Jonathan Katz, Washington-based director of ‘Democracy Initiatives’, has said that Putin ‘is this century's equivalent to Hitler’. Putin’s character, he says, ‘disturbingly mirrors traits of Hitler’. ‘For me’, the former Director of US National Intelligence James Clapper has told CNN, Putin is ‘a 21st-century Hitler’, a phrase used by a variety of commentators ranging from the former Irish Taoiseach Leo Varadkar to the Ukrainian Minister of Defence. The British Liberal Democrat politician Norman Baker has claimed in the Daily Mail that ‘everything Vladimir Putin does echoes Adolf Hitler’. Even the Prince of Wales, speaking to a Jewish Holocaust survivor in Canada in 2014 after the Russian invasion of Crimea, said that ‘Putin is doing just about the same as Hitler’. Critics of the West’s cautious approach to Putin’s territorial aggrandisements routinely invoke parallels with the Munich Agreement of 1938, in which Britain and France sought to appease Hitler and avert a general war by forcing Czechoslovakia to give in to the Nazi dictator’s demands for a large chunk of its own territory.

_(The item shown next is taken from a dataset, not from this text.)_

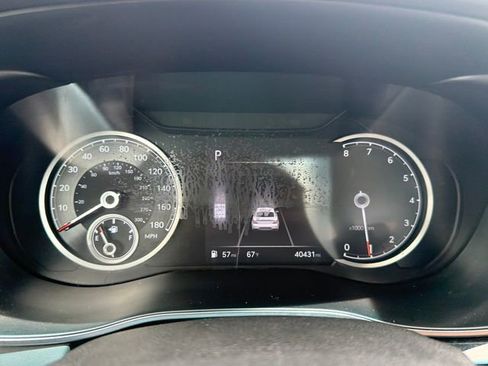 Used 2025 Genesis G70 2.5T AWD/4WD image 18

Of course, as Jewish groups have pointed out, Putin has not established extermination camps or gas chambers as Hitler did to carry out the mass murder of European Jews. But Ukraine’s President Volodymyr Zelenskiy has directly called the indiscriminate bombardment of his country’s major towns and cities ‘a genocide’. Poland’s President Andrzej Duda has echoed this by asserting that the Russian invasion bears ‘the features of a genocide—it aims at eliminating and destroying a nation’. The mounting evidence of indiscriminate massacres of civilian men, women and children by the retreating Russian armies in Bucha and other Ukrainian towns is already impossible to ignore or – despite risible Russian efforts to do so – explain away. Genocide it undoubtedly is: these people are being killed because they are Ukrainians, and for no other reason.

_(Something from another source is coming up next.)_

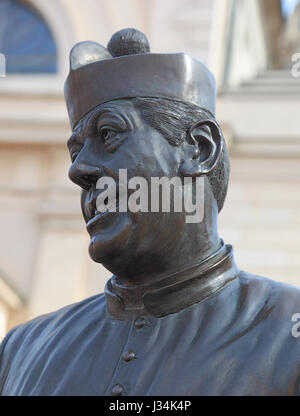 Statua di Don Camillo, eseguita dall'attore Fernand Joseph desiderio Contandin, chiamato Fernandel, di fronte alla chiesa di Santa Maria Nacente e San Genesio, Foto Stock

Genocide was at the heart of the Nazi project. This year sees the 80th anniversary of the Nazis’ ‘General Plan for the East’, a proposal for the mass murder by disease, starvation, neglect, and ‘extermination through labour’ of up to 45 million ‘Slavs’, in order to make way for German settlement across East-Central Europe. In its final version, completed in June 1942, the document, which first came to light in 1957, laid bare the full extent of the most radical genocidal programme ever devised. Over the next 30 years, assuming a German victory in the war, the Nazis proposed to ‘liquidate’ 50% of Latvians, Estonians and Czechs, 75% of Belarusians, and 85% of Lithuanians and Poles. The Ukrainians were to disappear altogether: 35% of them, deemed racially suitable, were to be ‘Germanized’, the rest were to be eliminated.

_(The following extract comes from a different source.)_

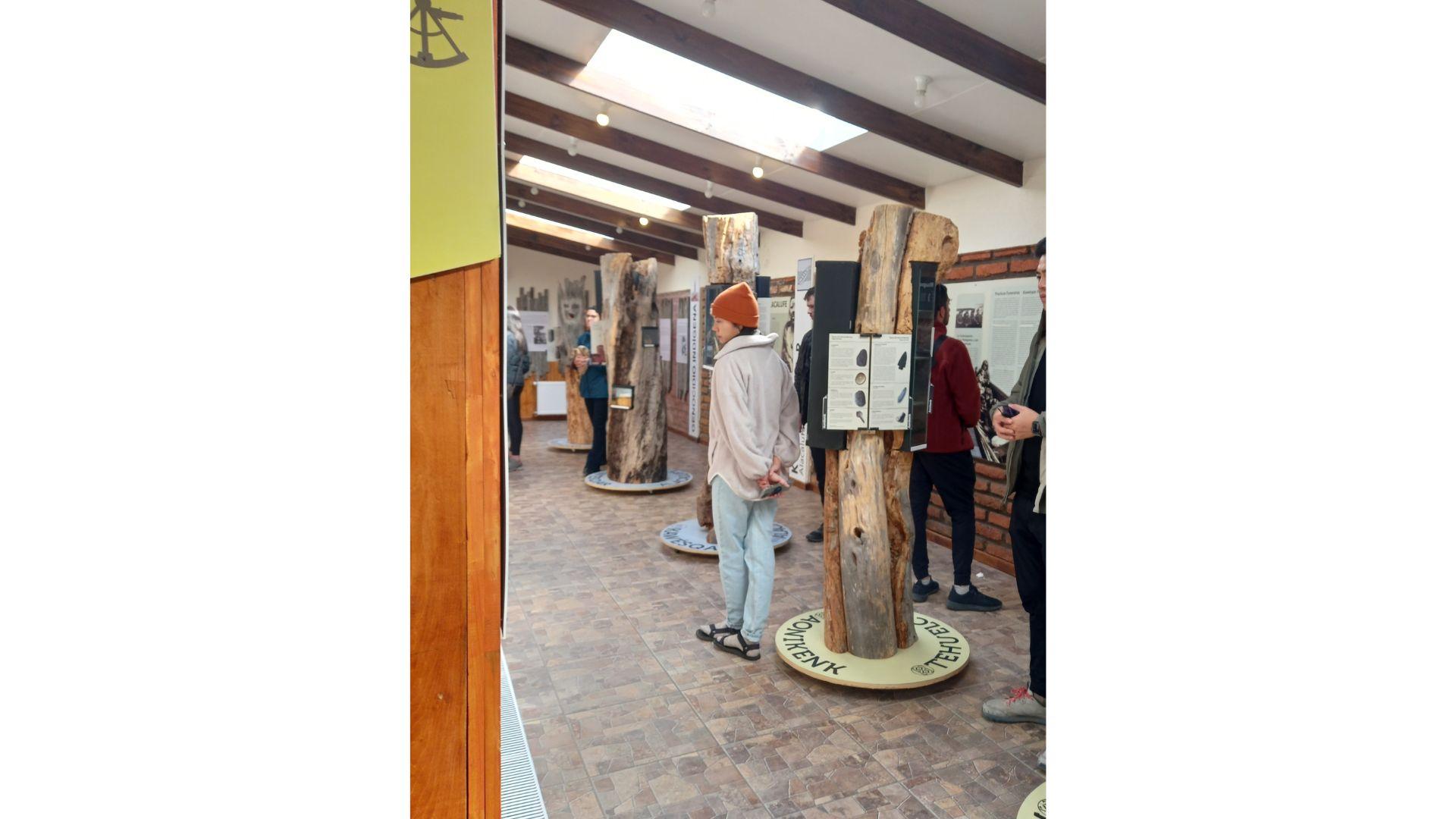 Sala nómades. Aborígenes aónikenk, cazadores recolectores del territorio continental y los kawésqar, canoeros del Pacífico Sur.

Fortunately the plan never had a chance of becoming reality, but the genocidal attitude of the Nazis towards the millions they regarded as Slav ‘subhumans’ found expression in the killing of thousands of Polish intellectuals and the deliberate starvation of more than three and a quarter million Red Army soldiers taken prisoner, penned into huge enclosures on the East European plains, and left to die without food, shelter or medication. Anyone who thinks that Ukrainians are ‘Nazis’, or that Stalin was the principal enemy of the Ukrainians and the other inhabitants of East-Central Europe, needs to read this shocking document. Of course, Stalin also ordered the shooting of some forty thousand Polish officers captured when the Red Army took over Eastern Poland in fulfilment of the infamous Molotov-Ribbentrop pact, signed in August 1939, and deported thousands of mainly upper-class Poles to Siberia, but these terrible crimes were committed in the name of class warfare rather than ethnic hatred. For the victims, of course, it made little difference; nevertheless, the almost unimaginable scale of the ‘General Plan for the East’ puts it in a category of its own.

The Nazis’ genocidal intentions went far beyond the elimination of ‘subhumans’ who stood in the way of German settlement. Genocide comes in many varieties and degrees, and the mass murder by the Nazis of nearly six million European Jews was qualitatively different from the vast extermination programme contained in the General Plan for the East. From the very beginning, the Jews were for the Nazis the ‘world-enemy’, dedicated to destroying Germany and the Germans in a huge global conspiracy aimed at ruling the world. Hitler believed every Jew was predestined by their ‘racial character’ to work towards this end. Nazi wartime propaganda showed the three most powerful enemies of Germany, the British Empire, the Soviet Union and the United States of America being steered from behind by malevolent Jewish conspirators.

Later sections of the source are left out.